There will still be those who maintain that beer is needed by hard workers. It is one of the false coins to which the policy of the Government has given new currency in these days. But even such critics will find it difficult to defend that policy of the Government which destroys the bread rations of 200,000 people every week merely to improve the colour and taste of beer. Our people are not quite fond enough of beer, so the Government sets aside 500 tons of barley every week to make it tempting for them.

The Government goes out crying "Wolf!" and nobody will believe. Of course they will not believe. If we have bread enough to make beer with, bread enough to make beer a pretty colour with, so much bread that we can afford to penalise the miller against the brewer, we have bread enough to eat. The nation has not so lost its senses as to believe that, while we have grain to drink we have not enough to eat. Of course our people will not believe.
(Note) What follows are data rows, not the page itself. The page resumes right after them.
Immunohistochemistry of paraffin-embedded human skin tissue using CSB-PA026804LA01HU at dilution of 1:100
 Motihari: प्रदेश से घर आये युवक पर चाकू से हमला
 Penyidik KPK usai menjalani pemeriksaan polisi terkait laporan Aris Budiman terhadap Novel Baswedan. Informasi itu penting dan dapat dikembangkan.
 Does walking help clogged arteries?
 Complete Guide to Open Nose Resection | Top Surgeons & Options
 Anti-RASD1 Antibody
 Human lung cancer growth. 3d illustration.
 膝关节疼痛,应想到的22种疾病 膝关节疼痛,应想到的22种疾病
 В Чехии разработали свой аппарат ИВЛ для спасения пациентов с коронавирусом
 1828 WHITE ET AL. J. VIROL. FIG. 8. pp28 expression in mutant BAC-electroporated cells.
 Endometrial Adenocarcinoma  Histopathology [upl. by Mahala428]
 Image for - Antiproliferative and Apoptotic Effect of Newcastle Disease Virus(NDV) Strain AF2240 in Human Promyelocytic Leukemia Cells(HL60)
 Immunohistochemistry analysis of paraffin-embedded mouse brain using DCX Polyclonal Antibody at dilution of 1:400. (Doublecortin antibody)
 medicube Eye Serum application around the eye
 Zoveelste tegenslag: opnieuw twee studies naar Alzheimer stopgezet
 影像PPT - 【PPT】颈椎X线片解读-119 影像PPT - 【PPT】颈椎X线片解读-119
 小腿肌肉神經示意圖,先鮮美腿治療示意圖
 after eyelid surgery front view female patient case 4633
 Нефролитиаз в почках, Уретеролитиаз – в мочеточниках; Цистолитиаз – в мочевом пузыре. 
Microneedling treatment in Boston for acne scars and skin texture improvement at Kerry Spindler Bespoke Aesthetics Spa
If the Government wants to be believed, let it act as if it believed itself.
"The parasite" by Arthur Mee, 1917, pages 37-40.

4 comments:

Anonymous said...

Interesting references to biofuel there- I had no idea it had such a history.

mentaldental said...

It's like the Daily Mail!
* Don't let facts get in your way.
* You don't really need to understand what you are talking about.
* You audience have already made up there mind, so give them what they want.
* And write in the most tedious, boring, repetitive style possible. That way your opponents will lose the will to live.

Martyn Cornell said...

Arthur Mee - I used to read his "Children's Encyclopedia" when I was a small boy, as my mother had a copy from the 1930s. Early in the 20th century, if not before, the teetotallers picked up on the idea that brewing (and distilling) "destroyed" grain that could be used for food - completely ignoring, of course, (a) that barley used in drink production wouldn't be used in bread, and (b) beer had a considerable calorific value too.

Martyn Cornell said...

Arthur Mee - I used to read his "Children's Encyclopedia" when I was a small boy, as my mother had a copy from the 1930s. Early in the 20th century, if not before, the teetotallers picked up on the idea that brewing (and distilling) "destroyed" grain that could be used for food - completely ignoring, of course, (a) that barley used in drink production wouldn't be used in bread, and (b) beer had a considerable calorific value too.